Awesome

Reinforcement learning in 3D

Implemented DQN [3] and A3C [4] algorithm for ViZDoom [1] and DeepMind Lab [2] environments.

Small network on small screen resolution trained relatively fast on simple maps:

DQN on 1 GPU: ~ 5 minutes on ViZDoom map simpler_basic.
DQN on 1 GPU: ~ 5 hours on DeepMind Lab map seekavoid_arena_01.
A3C on 1 CPU, 3 threads: ~13 minutes on ViZDoom map simpler_basic.
A3C on 1 GPU, 3 workers: ~8 minutes on ViZDoom map simpler_basic.

DQN, ViZDoom map simpler_basic

DQN, DeepMind Lab map seekavoid_arena_01

Dependencies

How to run

ViZDoom

Install ViZDoom and other dependencies
Set path to it in variable vizdoom_path
Set variable lab to False
Set path to rl_3d in path_work_dir
Run:
- DQN: ./agent_dqn.py --gpu 0
- A3C: ./agent_a3c.py

DeepMind Lab

Install DeepMind Lab and other dependencies
Set variable lab to True
Set path to rl_3d in path_work_dir
For now I used DeepMind Lab build and run system through bazel, so add build rule to lab_path/BUILD (change path_work_dir to your rl_3d path):

py_binary(
    name = "agent_dqn",
    srcs = ["*path_work_dir*/agent_dqn.py"],
    data = [":deepmind_lab.so"],
    main = "*path_work_dir*/agent_dqn.py",
)

py_binary(
    name = "agent_a3c",
    srcs = ["*path_work_dir*/agent_a3c.py"],
    data = [":deepmind_lab.so"],
    main = "*path_work_dir*/agent_a3c.py",
)

From lab_path run:
- DQN: bazel run :agent_dqn -- --gpu 0
- A3C: bazel run :agent_a3c

Thanks

A3C is a little bit tricky algorithm and there are a lot of it's implementations already.
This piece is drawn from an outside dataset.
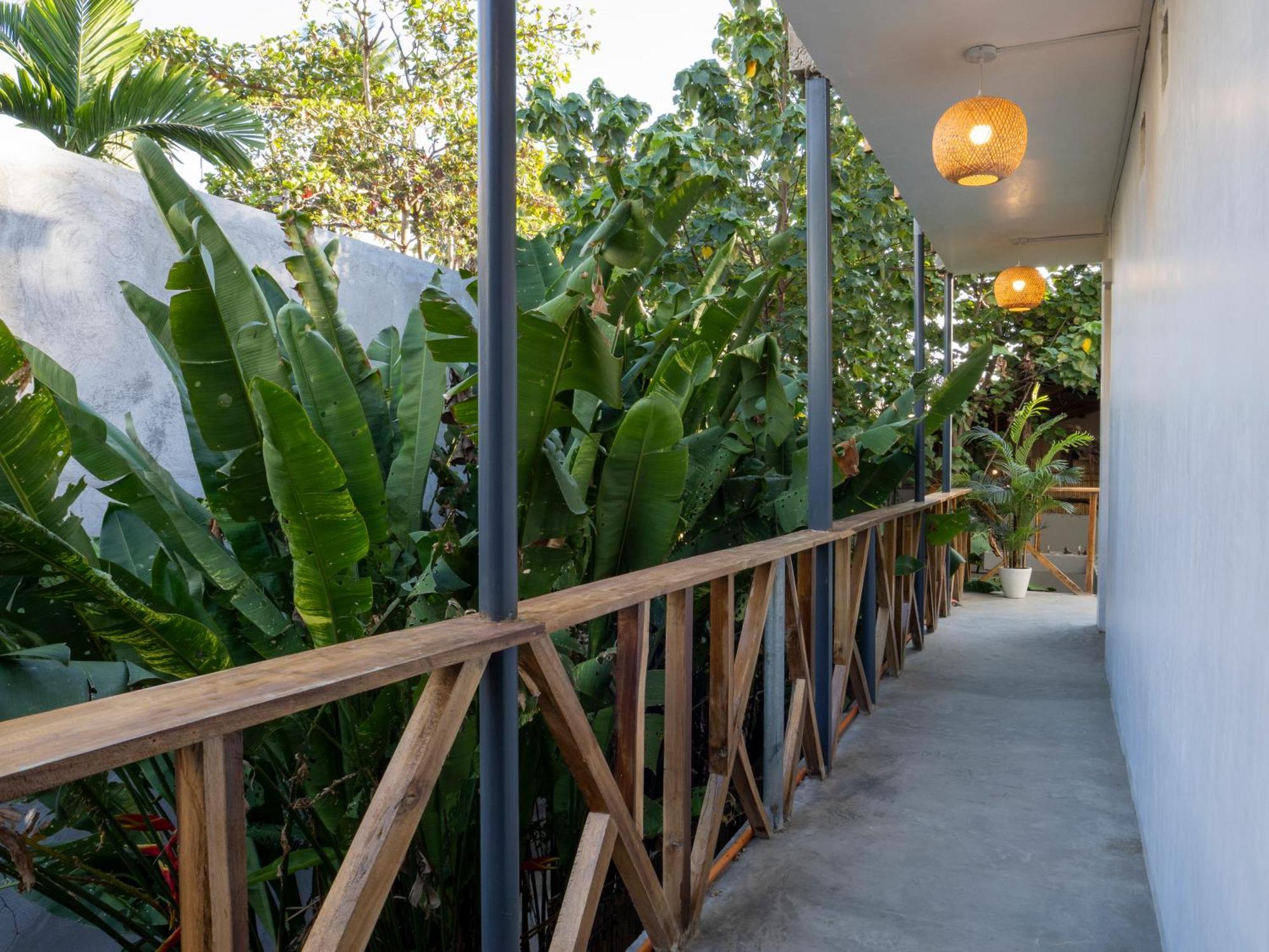 Sip Sunset Hostel And Lounge El Nido Exterior photo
So as reference I used implementation by Arthur Juliani.

References

[1] Michał Kempka, Marek Wydmuch, Grzegorz Runc, Jakub Toczek, Wojciech Jaśkowski. ViZDoom: A Doom-based AI Research Platform for Visual Reinforcement Learning. arXiv:1605.02097, 2016.

[2] Charles Beattie, Joel Z. Leibo, Denis Teplyashin, Tom Ward, Marcus Wainwright, Heinrich Küttler, Andrew Lefrancq, Simon Green, Víctor Valdés, Amir Sadik, Julian Schrittwieser, Keith Anderson, Sarah York, Max Cant, Adam Cain, Adrian Bolton, Stephen Gaffney, Helen King, Demis Hassabis, Shane Legg, Stig Petersen. DeepMind Lab. arXiv:1612.03801, 2016.

[3] Volodymyr Mnih, Koray Kavukcuoglu, David Silver, Alex Graves, Ioannis Antonoglou, Daan Wierstra, Martin Riedmiller. Playing Atari with Deep Reinforcement Learning. arXiv:1312.5602, 2013.

[4] Volodymyr Mnih, Adrià Puigdomènech Badia, Mehdi Mirza, Alex Graves, Timothy P. Lillicrap, Tim Harley, David Silver, Koray Kavukcuoglu. Asynchronous Methods for Deep Reinforcement Learning. arXiv:1602.01783, 2016.